> **DATA BLOCK**:
====================
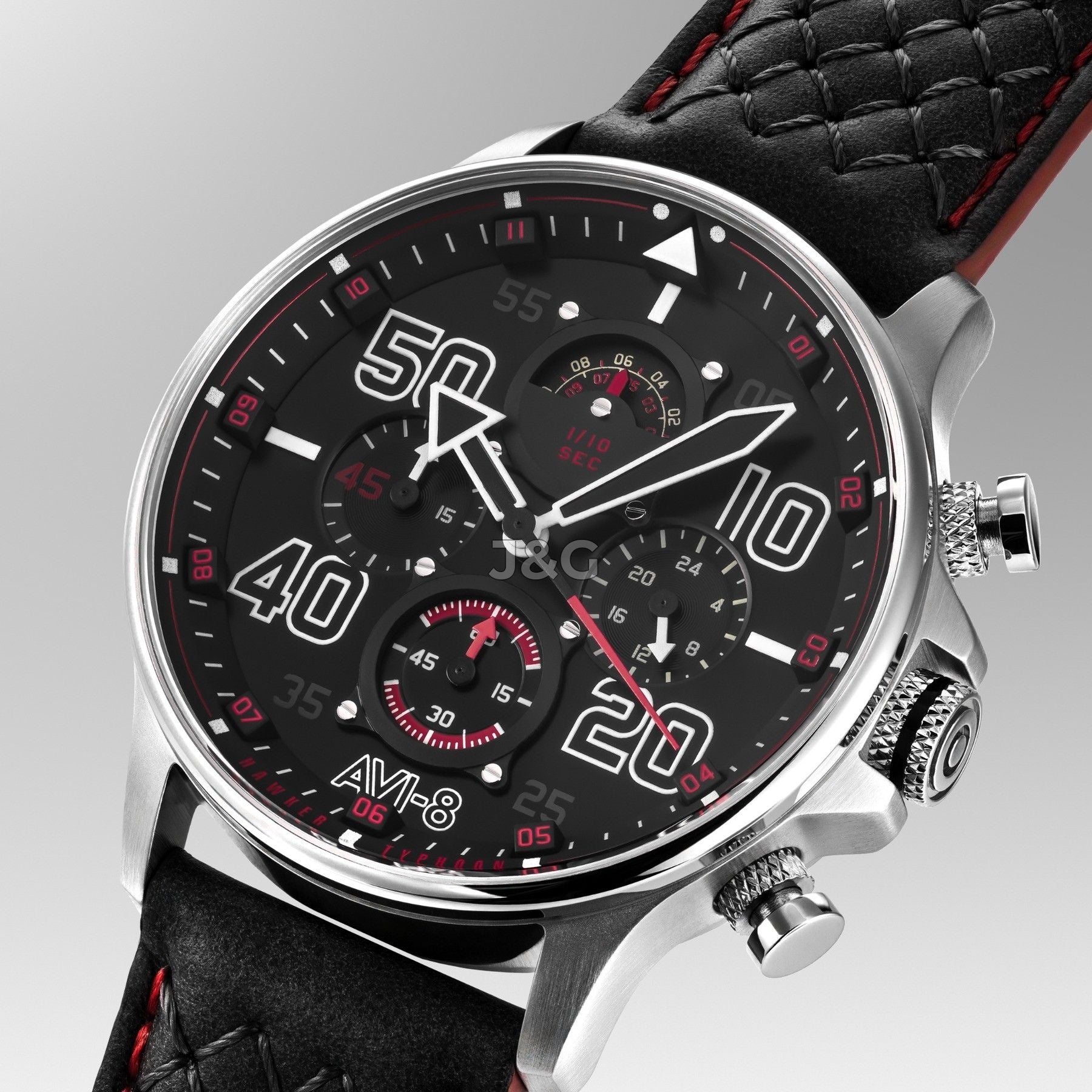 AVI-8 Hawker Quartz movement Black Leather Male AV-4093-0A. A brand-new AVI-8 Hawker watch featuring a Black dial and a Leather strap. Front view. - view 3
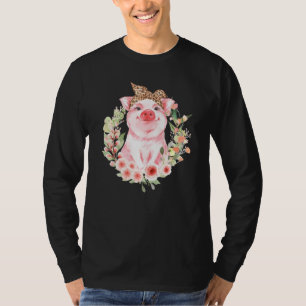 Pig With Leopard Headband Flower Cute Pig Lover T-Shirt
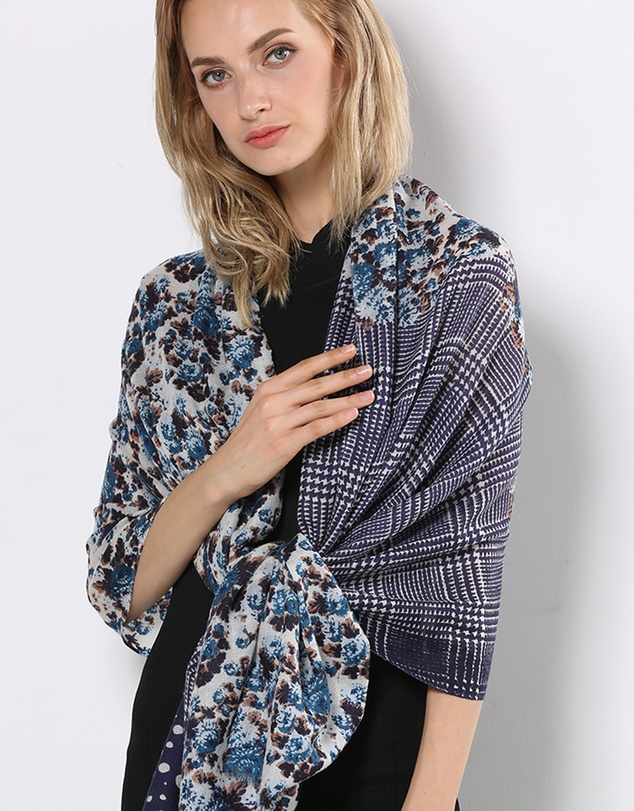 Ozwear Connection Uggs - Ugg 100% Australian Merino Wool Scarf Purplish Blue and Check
====================
> **REQUIREMENT**:
The images are to be left out; every line above should be set down exactly.

> **OUTPUT FOR THIS EXERCISE**:
 AVI-8 Hawker Quartz movement Black Leather Male AV-4093-0A. A brand-new AVI-8 Hawker watch featuring a Black dial and a Leather strap. Front view. - view 3
 Pig With Leopard Headband Flower Cute Pig Lover T-Shirt
 Ozwear Connection Uggs - Ugg 100% Australian Merino Wool Scarf Purplish Blue and Check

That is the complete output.